![](/img/trans.png)
[英]Trying to keep values of a column based on the unique values of two other columns
[英]Add unique ID column based on values in two other columns (lat, long)
有人問過這個問題,但我正在尋找更完整的答案/稍作修改的 output。
我在單獨的列中有一個包含 Lat 和 Long 值的數據集,並希望為 Lat 和 Long 的每個唯一組合創建一個唯一 ID。
我將從一篇較早的帖子中借用一個示例數據集,提出相同的問題,但我需要一個稍微不同的解決方案( 按組添加 ID 列)。
d <- read.table(text='LAT LONG
13.5330 -15.4180
13.5330 -15.4180
13.5330 -15.4180
13.5330 -15.4180
13.5330 -15.4170
13.5330 -15.4170
13.5330 -15.4170
13.5340 -14.9350
13.5340 -14.9350
13.5340 -15.9170
13.3670 -14.6190', header=TRUE)
給出的解決方案是:
d <- transform(d, Cluster_ID = as.numeric(interaction(LAT, LONG, drop=TRUE)))
# LAT LONG Cluster_ID
# 1 13.533 -15.418 2
# 2 13.533 -15.418 2
# 3 13.533 -15.418 2
# 4 13.533 -15.418 2
# 5 13.533 -15.417 3
# 6 13.533 -15.417 3
# 7 13.533 -15.417 3
# 8 13.534 -14.935 4
# 9 13.534 -14.935 4
# 10 13.534 -15.917 1
# 11 13.367 -14.619 5
但是如何讓interaction
命令保持順序,以便上面的第一個 Cluster_ID 為 1(最后一列的完整向量將是 1,1,1,1,2,2,2,3,3,4,5 2,2,2,2,3,3,4,4,1,5)? 目前尚不清楚如何確定新的因子順序(轉換為數字)。
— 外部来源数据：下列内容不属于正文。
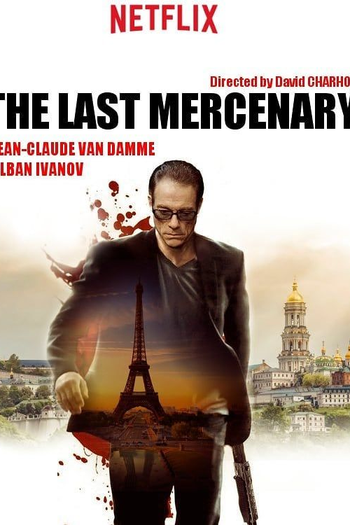  de Filme O Último Mercenário (2021)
I have also been trying to find equivalent way of doing this using group_by
in dplyr
but can't figure out how to output the tibble table as a dataframe (older solutions on SO seem to use depreciated dplyr commands).
謝謝!
我們可以使用match
transform(d, Cluster_ID = match(paste0(LAT, LONG), unique(paste0(LAT, LONG))))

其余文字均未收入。